= Beginning of Section =

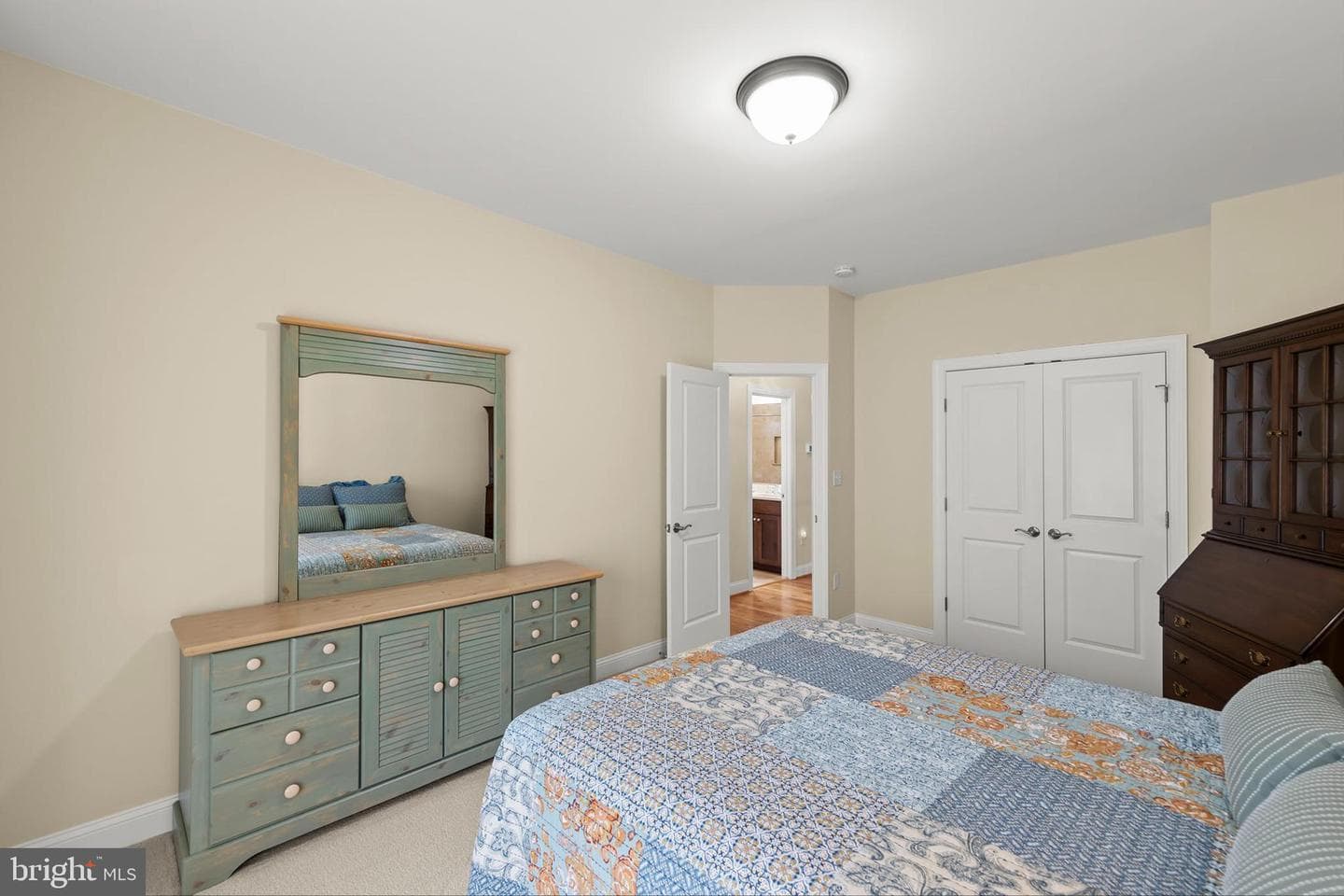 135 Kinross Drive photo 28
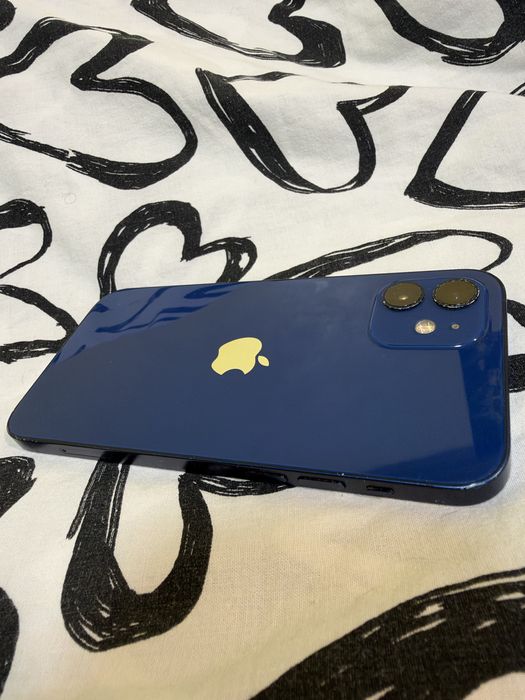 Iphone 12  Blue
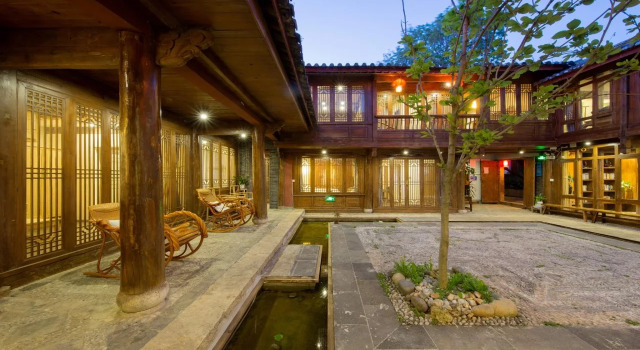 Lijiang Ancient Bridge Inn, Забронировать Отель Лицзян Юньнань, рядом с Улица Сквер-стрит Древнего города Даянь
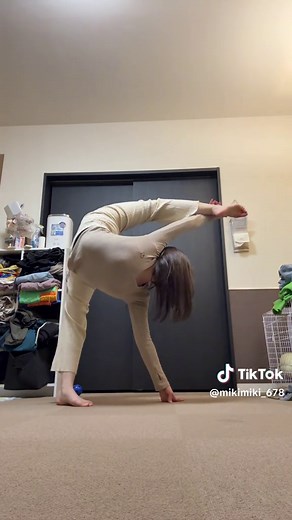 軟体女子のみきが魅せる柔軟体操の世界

= End of Section =
= Beginning of Section =

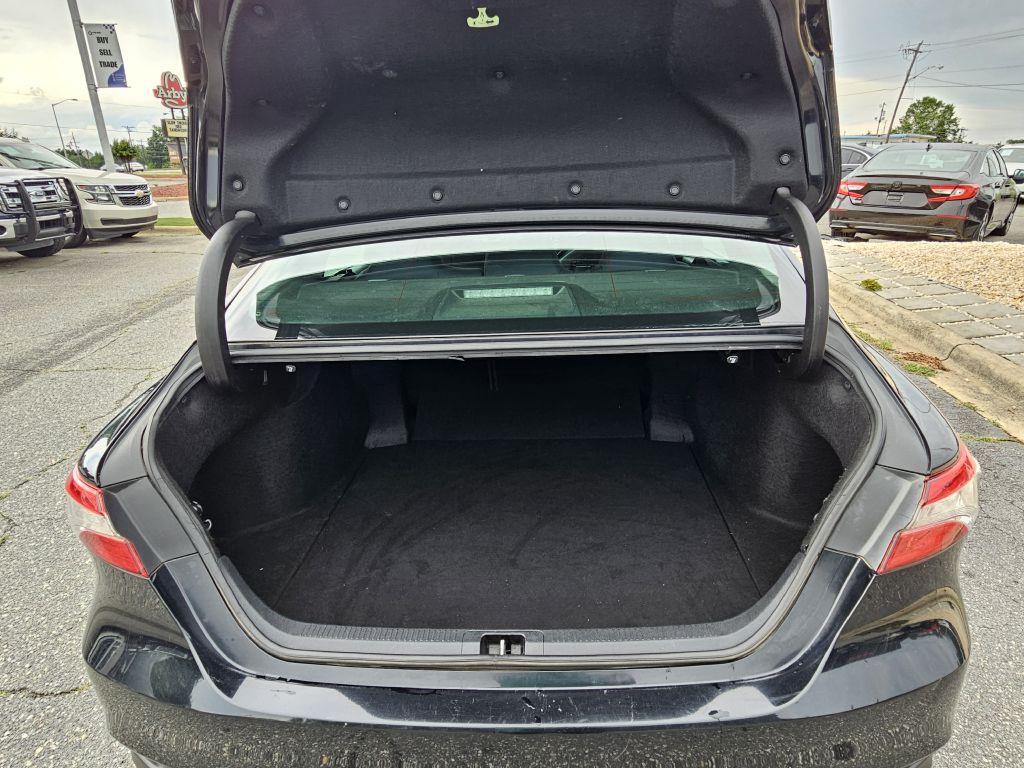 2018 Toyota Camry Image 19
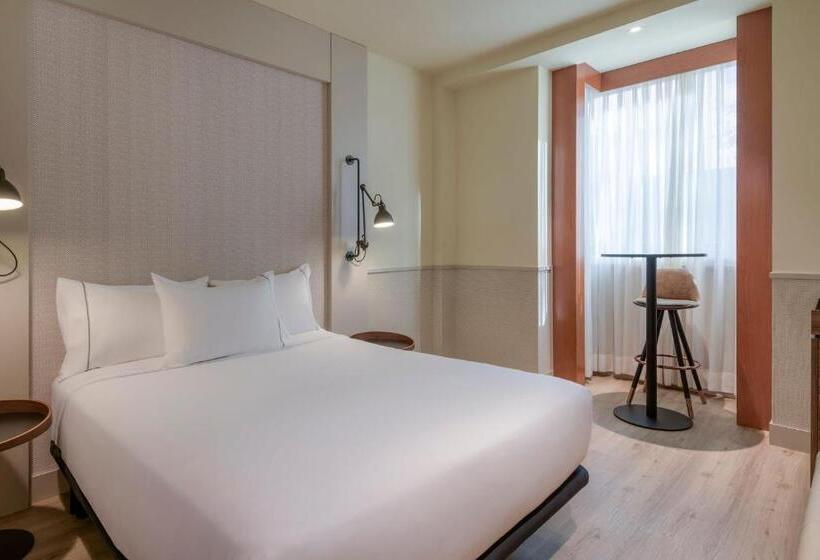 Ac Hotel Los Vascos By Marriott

= End of Section =

What you are asked to do: Above are records with pictures. Reproduce exactly only the lines from the line with "135 Kinross Drive photo 28" through the line with "軟体女子のみきが魅せる柔軟体操の世界", both ends included, and leave the pictures out.

Solution:
 135 Kinross Drive photo 28
 Iphone 12  Blue
 Lijiang Ancient Bridge Inn, Забронировать Отель Лицзян Юньнань, рядом с Улица Сквер-стрит Древнего города Даянь
 軟体女子のみきが魅せる柔軟体操の世界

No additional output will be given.